RE: Comments on draft-fielding-uri-rfc2396bis-07

On Fri November 5 2004 13:00, Graham Klyne wrote:
> 
> I checked my code and test cases, and I clearly decided when reading the 
> spec that '@' did not need to be escaped by a general URI handler.  I take 
> my lead here from section 2.4, "When to Encode or Decode".
> 
> I think that is correct behaviour here:  in this respect, I think the 
> w3.org implementation you mention is arguably incorrect, but this is 
> probably a pretty harmless error, as all %-encoding would normally be 
> reversed after the URI path component has been extracted.

Yes; my code takes the conservative approach and encodes
on generation and decodes on parsing.  Encoding seems to
be safe in general; parsers are supposed to decode, and I'm
not sure that there isn't some pathological URI parser that
might choke on an unencoded '@' (interpreting it as part of
an "authority" component).

> For generic URI handling, I have taken the approach of encoding only those 
> characters that are clearly required by the URI spec to be encoded.

I'm primarily concerned with mailto URI generation and parsing.
That uses general URI parsing into components verbatim from
the RFC 2396 Appendix B regular expression (which happens to be
independent of '@' encoding).  Encoding takes into account
URI excluded characters, RFC 2396 component-specific
reserved characters, and mailto-specific reserved characters.

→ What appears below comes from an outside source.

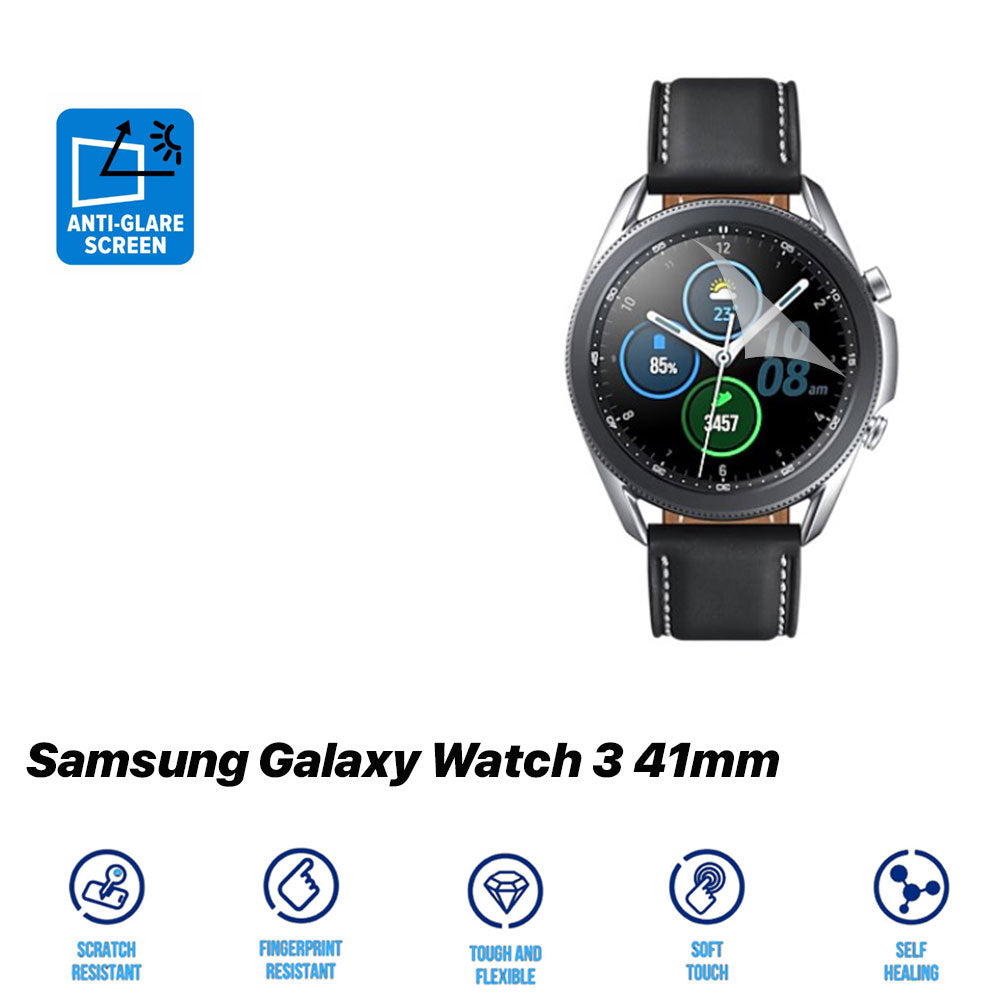 3 Pack Matte Anti Glare Hydrogel Screen Protector for Samsung Galaxy Watch 4 5 6 7 Ultra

> The software interfaces accordingly separate the character escaping logic 
> from the test used to decide which characters need to be escaped, and then 
> provides common test functions for generic URI components.

Mine uses several ctype-like functions that identify URI
"excluded" characters (no longer identified in the draft
under discussion), and characters which are reserved in the
various URI components (ditto).

Received on Friday, 5 November 2004 19:55:00 UTC